Now, let’s find the mean \(\mu_{\bar{x}}\) for these sample means:
mean(~xbar, data=samples)
## [1] 23529.06
\(\bar{x}\) is a random variable, and when we take large samples, it’s mean (\(\mu_{\bar{x}}\)) should be close to the population mean (\(\mu\)).
We can also find the standard deviation \(\sigma_{\bar{x}}\) for these sample means:
sd(~xbar, data=samples)
## [1] 966.7334
The standard deviation of \(\bar{x}\) should be close to the population standard deviation divided by the square root of the sample size (i.e close to \(\frac{\sigma}{\sqrt{n}}=\frac{19269.82}{\sqrt{400}}=963.4911\))
Now, let’s create a histogram to see the distribution of the 1000 sample means:
histogram(~xbar, data=samples)
By the Central Limit Theorem, when the number of observations in each of the samples (here, \(n=400\)) is large, this distribution should be approximately Normal \(N(\mu_{\bar{x}}, \sigma_{\bar{x}})=N(\mu, \frac{\sigma}{\sqrt{n}})\). So for this example, the distribution should be close to \(N(23600.19, 963.4911)\). To verify that this is true, let’s add a Normal curve with this distribution to the histogram:
plotDist("norm", mean=mu, sd=sigma/sqrt(400), add=T)

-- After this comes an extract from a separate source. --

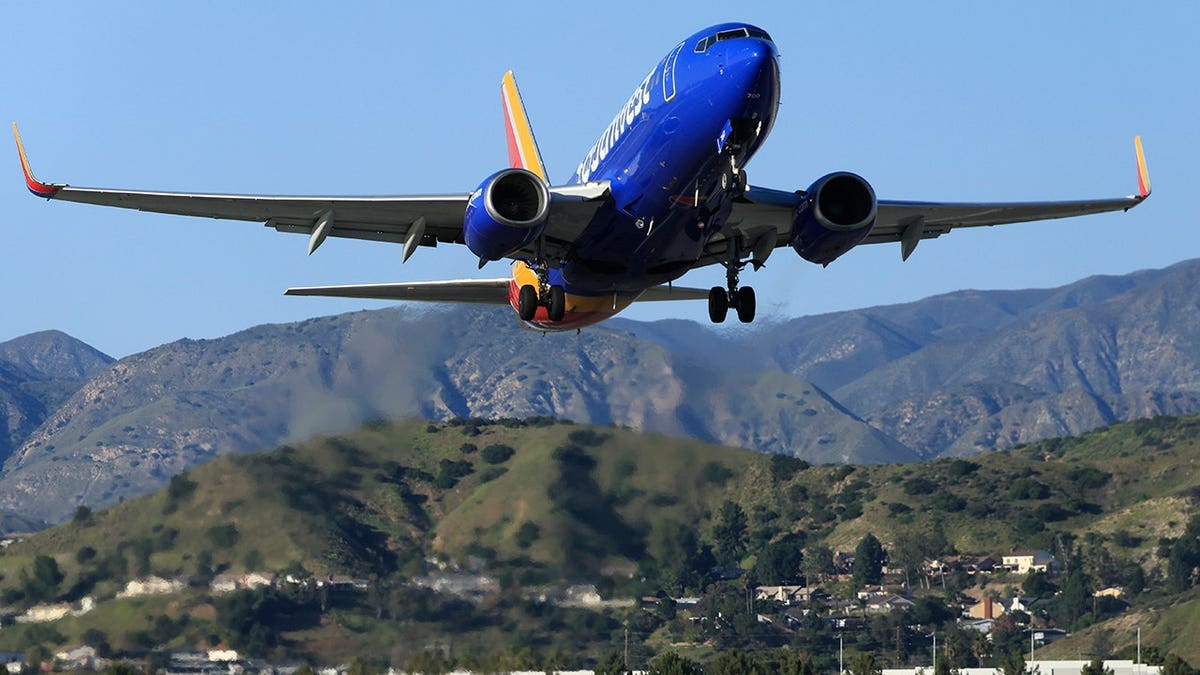 A Southwest Airlines plane taking off from Hollywood Burbank Airport.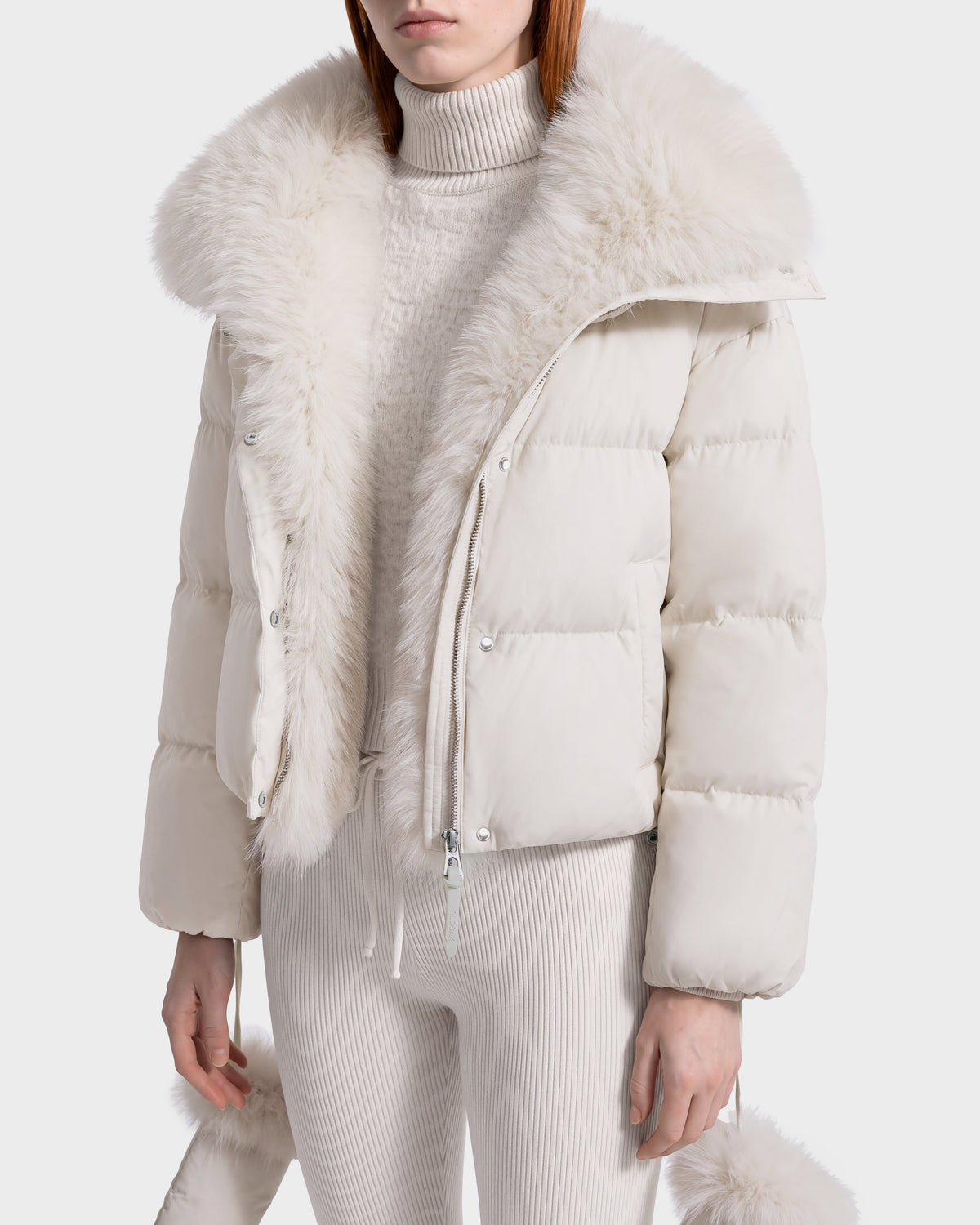 Rudsak ALONDRA - 8126992 Vanilla cream-colored cropped puffer jacket with a wide faux fur collar and trim, worn over a matching ribbed turtleneck sweater and knit pants.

As you can see, the Normal curve captures the shape of the distribution fairly well.
We can use this Normal distribution to answer questions about probabilities for the mean a sample. For example, to find the probability that the mean salary \(\bar{x}\) for a SRS of size 400 is between 23000 and 24000, we can use the pdist command:
pdist("norm", mean=mu, sd=sigma/sqrt(400), c(23000, 24000))
## [1] 0.2666658 0.6609158
So the probability that the average salary for a SRS of size 400 is between 23000 and 24000 is \(P(23000\le\bar{x}\le 24000)=0.394\).